Q: I've read a great deal so far about building with cob and remain stumped on one point regarding foundations. I read the foundation should come up several inches above ground before cob is built on top of it, and mostly this foundation is stacked stones. From the exterior I see this looking nice, but from the interior I am confused - if I had an earthen floor, wouldn't my floor butt up against that stone foundation on the interior - and wouldn't the wind and rain blow through those stones in to my house? If I cobbed down on the interior to wall-off that stone foundation, then I am defeating the purpose of the stones in the first place because moisture is going to wick up through that low level of interior cob. Could you please clarify all this for me?

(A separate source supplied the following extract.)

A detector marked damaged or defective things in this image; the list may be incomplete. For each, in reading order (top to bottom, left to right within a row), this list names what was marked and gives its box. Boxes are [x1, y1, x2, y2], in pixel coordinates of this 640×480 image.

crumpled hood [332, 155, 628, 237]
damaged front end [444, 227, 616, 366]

A: There are many possible ways to make a foundation for a cob building. Stone is a common solution, especially in places without strong seismic activity. However, in most cases the stones are joined with mortar, both to increase the strength of the wall and to keep weather and critters from being able to get through. Mortared stone can be an attractive feature on the interior as well as the exterior. Or you could bring your plaster down over the stone to cover it up. This does create a small danger of moisture traveling up through the plaster and into the cob, but not a severe one. If the stone foundation is more than a few inches above floor level, the likelihood of enough water wicking up through the plaster to cause any damage in the cob wall seems very low to me. For a much fuller discussion of foundations and drainage issues as they relate to cob, see my book (with Ianto Evans and Linda Smiley) "The Hand-Sculpted House."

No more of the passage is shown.